OSLO, Norway – Petroleum Safety Authority (PSA) Norway has issued its findings concerning a hydrocarbon leak last June on the Oseberg A platform in the Norwegian North Sea.
PSA says it has identified serious breaches of Norwegian regulations, and has notified operator Statoil of an order.
Wells on the Oseberg field center began to produce sand around 2000. They are tested with the test separator to identify the acceptable rate of flow for sand production, and sand is accordingly produced into the system during well testing.
PSA says the test manifold’s blowdown line is unfavorably configured with regard to sand production, because its connection to the manifold means that sand can accumulate in the line.
Also, a 90° bend positioned directly downstream from the line’s orifice plate causes sand transported in the gas stream to hit the outer wall of the bend at a very high speed. This led to a hole being eroded in connection with the pressure blowdown on June 17.

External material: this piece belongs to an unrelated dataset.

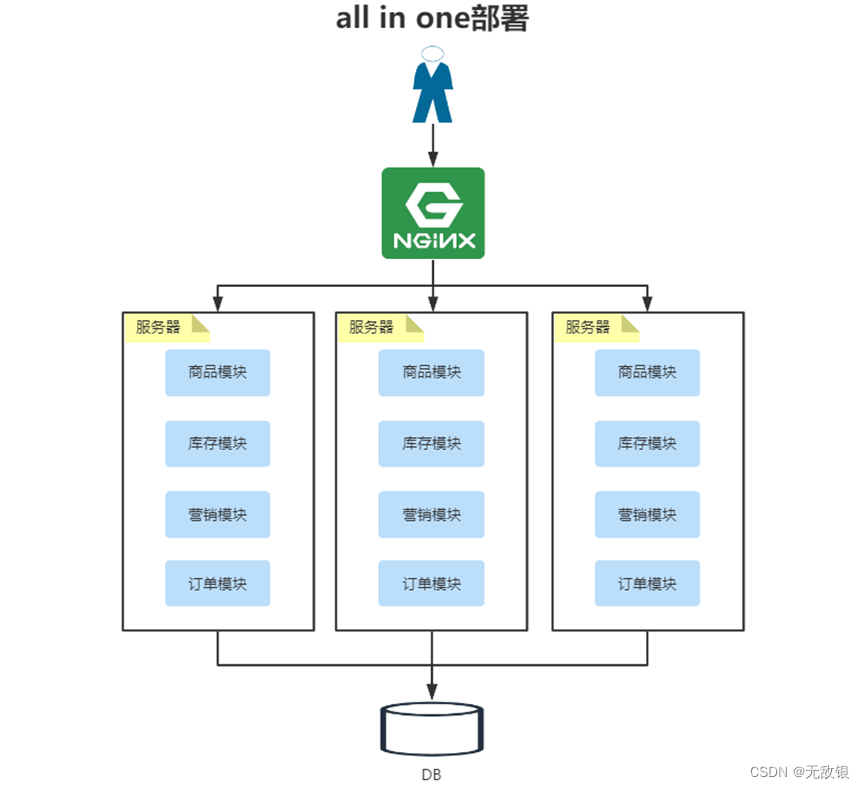 集中式部署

PSA concludes that no adequate review of the plant had been conducted to verify that it could handle sand production. Its investigation identified nonconformities related to:
- Overpressure protection of the test manifold
- Risk assessment in using the equalizing and blowdown system for gas injection
- Work processes for operating the wells and process plant
- The inspection program
- The design for dealing with sand production.
Critical work processes for operating the Oseberg field center are inadequate, PSA claims. Several of these activities have continued for a number of years without the work processes being risk assessed, updated, or prepared.
Statoil is therefore ordered to perform a review, risk assessment, and update of work processes for operation of the wells and process plant on the Oseberg field center. Deadline for compliance is March 31.